In 2016 gaf 10 procent van de kinderen in het primair onderwijs aan slachtoffer te zijn geweest van pesten. In 2014 was dat nog 14 procent. Op de middelbare scholen daalde het pesten ook: van 11 procent in 2014 naar 8 procent vorig jaar.
De manier van pesten veranderde vrijwel niet. Zowel in 2014 als in 2016 gaven leerlingen aan dat het pesten voornamelijk persoonlijk gebeurt.
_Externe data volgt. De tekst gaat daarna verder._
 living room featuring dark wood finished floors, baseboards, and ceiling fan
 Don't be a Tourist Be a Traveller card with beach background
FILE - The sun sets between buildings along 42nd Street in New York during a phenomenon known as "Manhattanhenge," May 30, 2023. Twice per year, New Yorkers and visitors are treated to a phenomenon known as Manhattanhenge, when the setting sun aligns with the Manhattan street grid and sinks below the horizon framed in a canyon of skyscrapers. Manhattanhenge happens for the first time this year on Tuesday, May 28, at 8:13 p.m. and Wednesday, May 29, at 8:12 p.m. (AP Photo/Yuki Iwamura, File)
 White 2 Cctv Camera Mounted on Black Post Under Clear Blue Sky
Pesten via briefjes, telefoongesprekken of sociale media komt veel minder voor.
Uit de cijfers, vooral als ze vergeleken worden met die uit voorgaande jaren, zou geconcludeerd kunnen worden dat het allemaal wel meevalt met de treiterijen die kinderen moeten ondergaan.
Wie echter bedenkt hoeveel invloed het getreiter op de ontwikkeling van kinderen kan hebben, weet ook dat de vlag absoluut nog niet uitgestoken kan worden.
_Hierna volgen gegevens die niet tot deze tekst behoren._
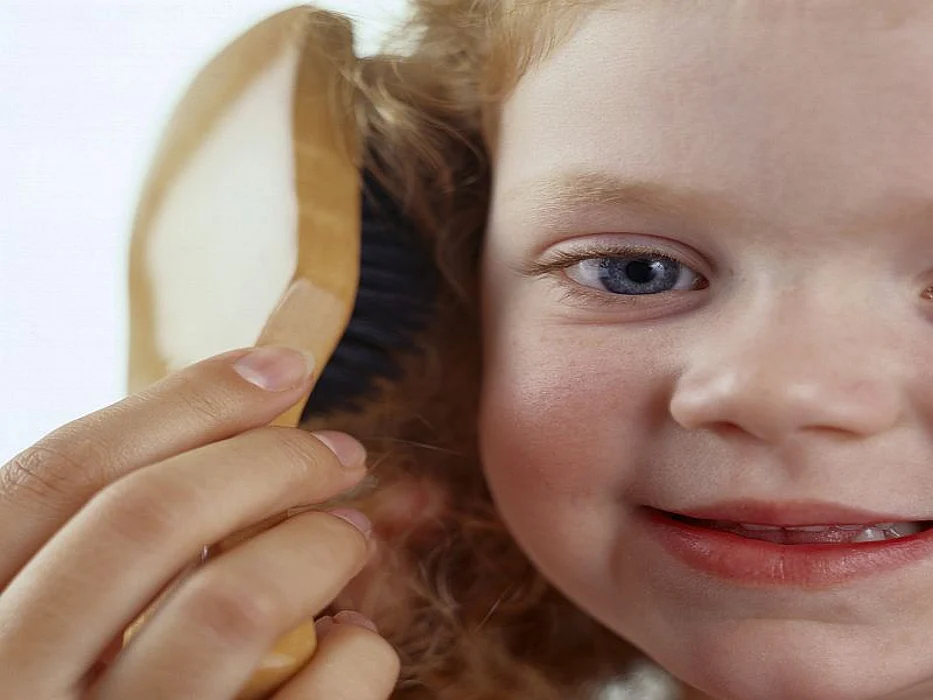 girl brushing her hair
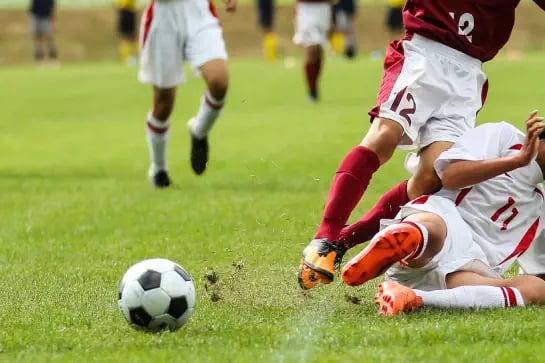 Close up of players legs trying to shoot in soccer ball on a natural turf soccer sports field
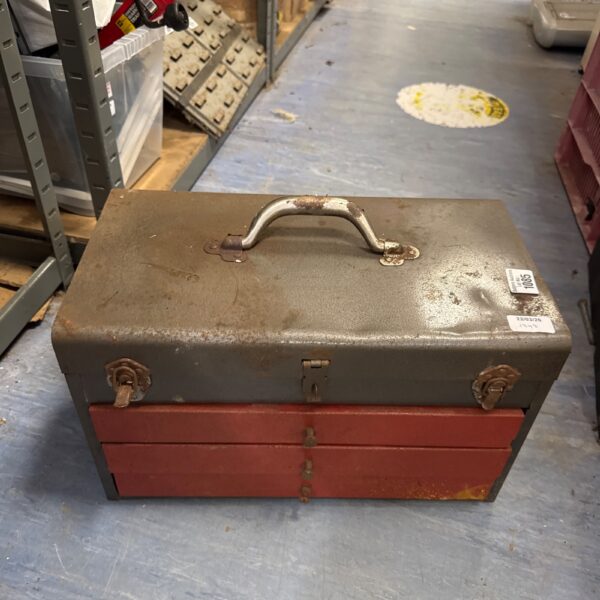 Front view of a vintage metal toolbox with a carrying handle.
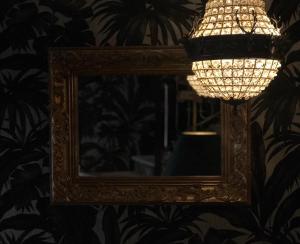 a mirror on a wall with a lamp and a light at Hôtel Le G (ex Le Genève) in Nice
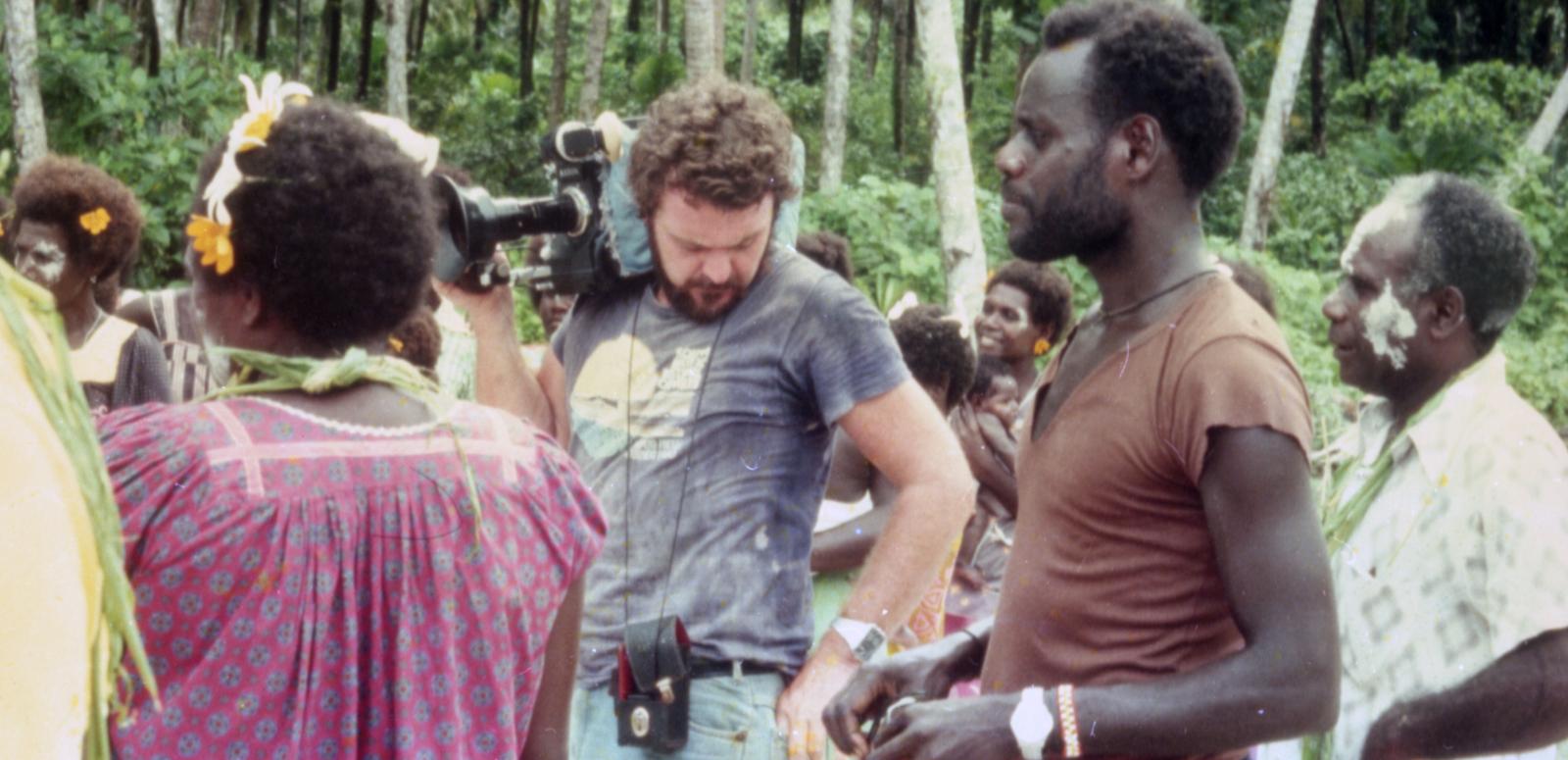 Co-director Chris Owen holds a film camera on his shoulder and stands next to co-director and star Albert Toro and other actors on location for the 1982 film Tukana in the Papua New Guinea Highlands.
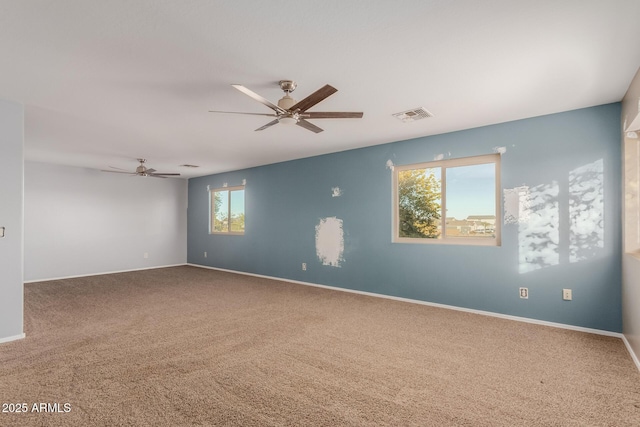 carpeted empty room featuring a healthy amount of sunlight and ceiling fan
Er waren tijden dat er over het treiteren van kinderen onderling door ouderen nogal luchtig werd gedaan. Zo van: „Schelden doet geen zeer, slaan veel meer.” Die houding is gelukkig verleden tijd. Want schelden, treiteren en pesten doen wel degelijk zeer. Niet lichamelijk, maar psychisch. De sociale ontwikkeling van een kind dat gepest wordt, verloopt moeizamer dan van een kind dat niet gepest wordt. Door het getreiter van leeftijdsgenoten zondert een kind zich af. Het ontloopt leeftijdsgenoten en zal er alles aan doen op school zo veel mogelijk onzichtbaar te zijn. En dat op een leeftijd dat de vorming van een sociaal netwerk heel belangrijk is.
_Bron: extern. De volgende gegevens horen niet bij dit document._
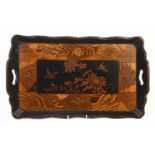 A Japanese lacquered and geometric decorated twin handled tray, decorated with birds and flowers,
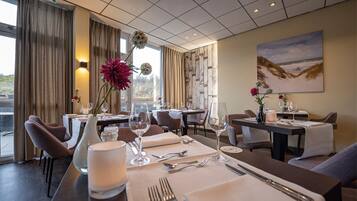 Een restaurantgedeelte van een hotel met gedekte tafels, een schilderij aan de muur en uitzicht op het omliggende landschap.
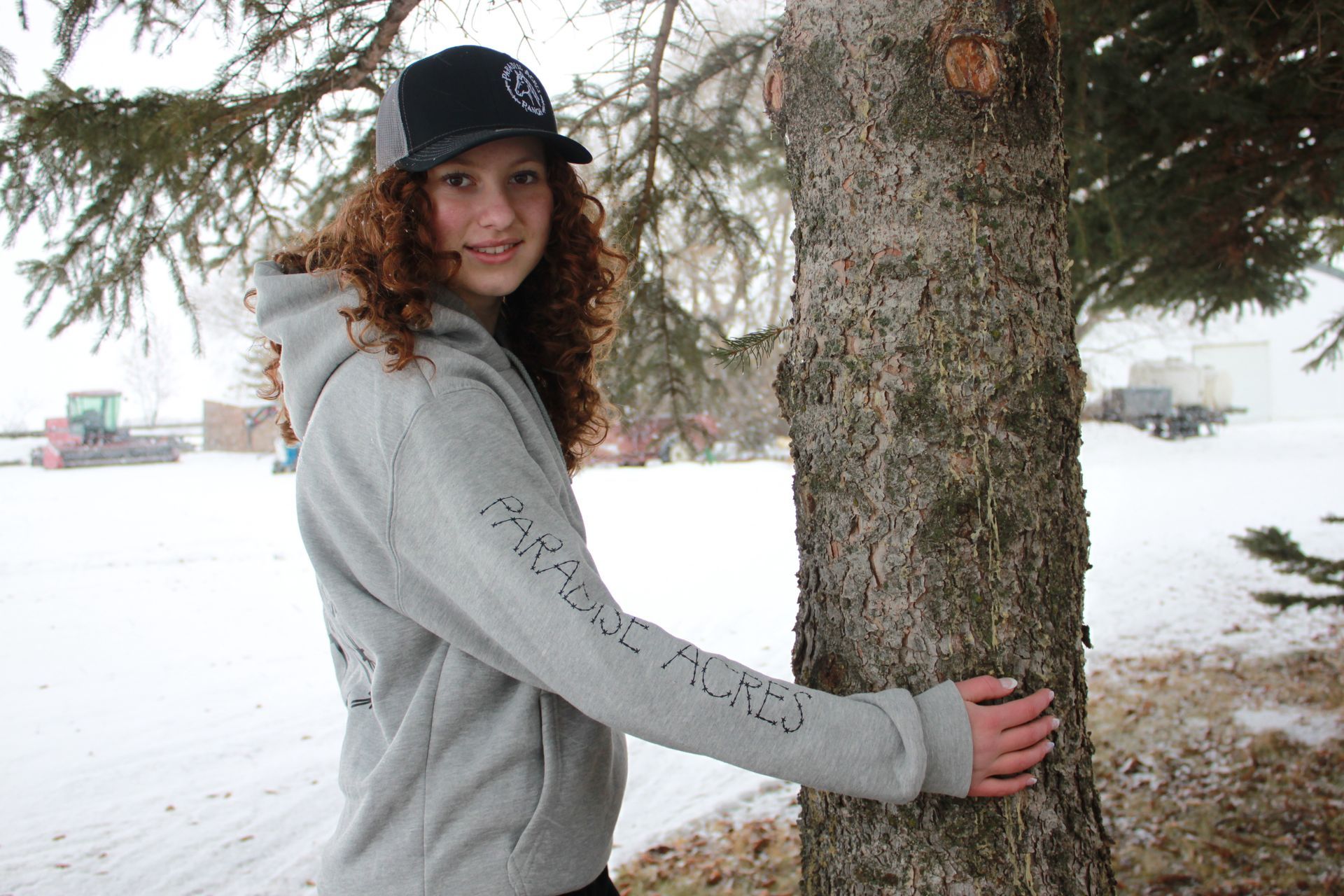 A person with curly red hair wearing a grey sweatshirt and black cap leans against a tree in a snowy outdoor setting.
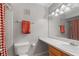Bright bathroom with a vanity, white countertop, light-wood cabinets, and red checkered shower curtain at 3440 Essex Ave # 103, Atlanta, GA 30339
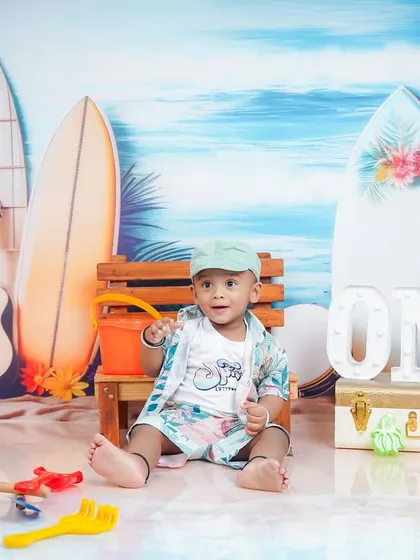 A beach-themed first birthday shoot. The combination of the "ONE" sign and the tropical backdrop makes for a unique milestone photo.
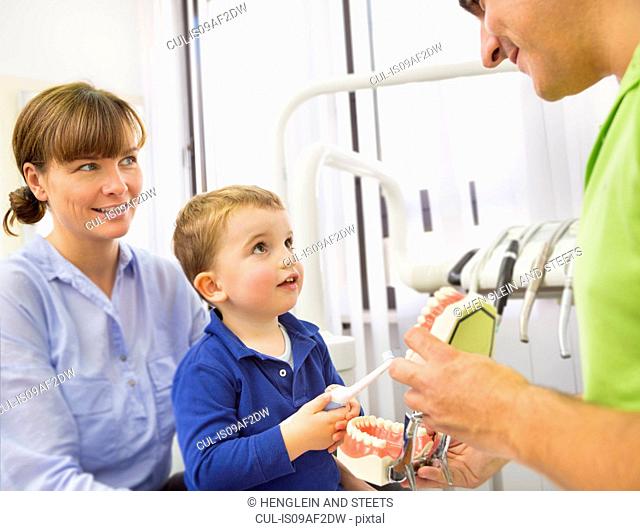 Dentist teaching boy on mothers lap how to brush teeth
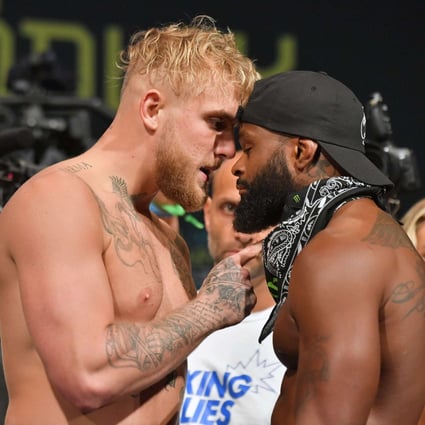 Jake Paul and Tyron Woodley face off during the weigh in before their fight in August. Photo: Getty Images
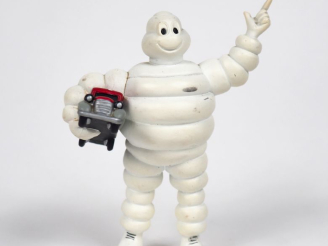 Vente aux enchères MICHELIN. Bibendum, sujet en plastique rigide tenant un camion rouge d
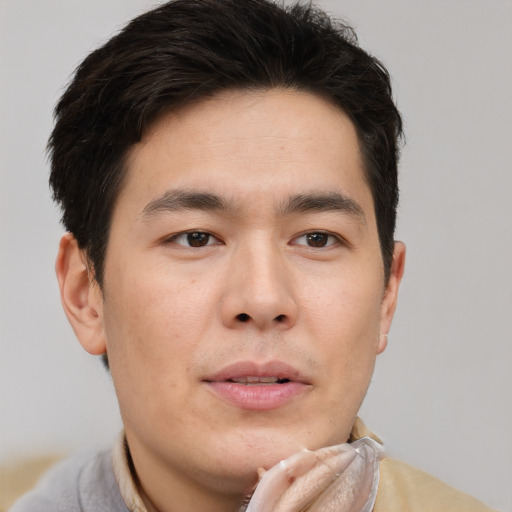 Neutral asian young-adult male with short  brown hair and brown eyes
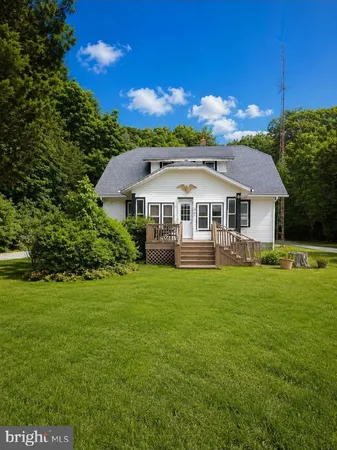 a view of a house with a big yard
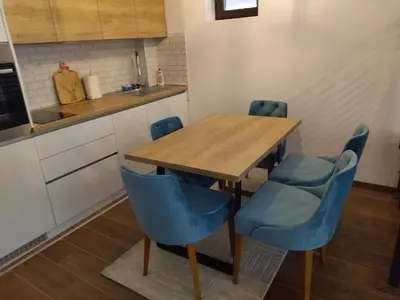 a kitchen with a wooden table and blue chairs at Garnet Star Apartments, Kopaonik, apartman broj 4 in Kopaonik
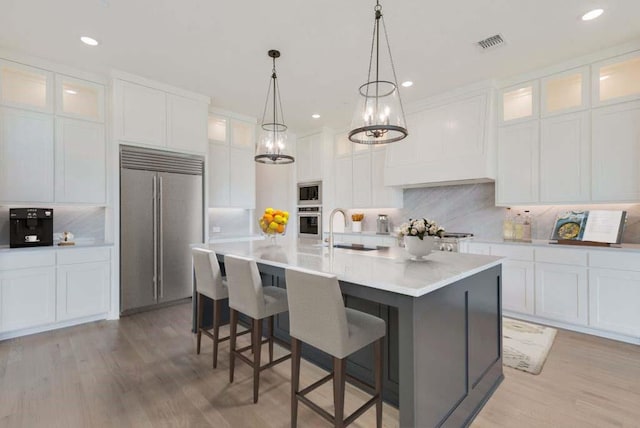 kitchen with built in appliances, sink, white cabinetry, and a center island with sink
Voor ouders is het afschuwelijk om te zien dat hun kind gepest wordt. Ze beseffen dat hun zoon of dochter lijdt onder iets waar ze eigenlijk niets aan kunnen doen. Want naar de pestkop stappen om verhaal te halen, is wel het ergste wat ze het eigen kind kunt aandoen. De pesters zullen hierdoor alleen maar aanleiding zien tot meer getreiter. Hoogstens dat ze het nog onopvallender proberen te doen, wat het gepeste kind vervolgens nog angstiger maakt.
De enige instantie die het onderlinge getreiter, voor zover zichtbaar, enigszins kan bestrijden, is de school. En dan vooral in algemene zin. Door de leerlingen duidelijk te maken hoeveel invloed schijnbaar onschuldige pesterijen op een kind kunnen hebben. De meeste pesters weten dat trouwens heel goed, want uit onderzoek blijkt dat veel kinderen die anderen pesten zelf ook voorwerp van treiterijen zijn geweest.
Ouders kunnen niet veel meer doen dan hun kinderen enerzijds veiligheid bieden en anderzijds stevigheid. Veiligheid in die zin dat ze thuis altijd hun verhaal kunnen doen. Stevigheid in de zin dat kinderen niet falen, maar goed zijn zoals ze zijn. Dat klinkt soft, maar de praktijk wijst uit dat deze aanpak veel effectiever is dan de strijd aangaan met de daders van het treiteren.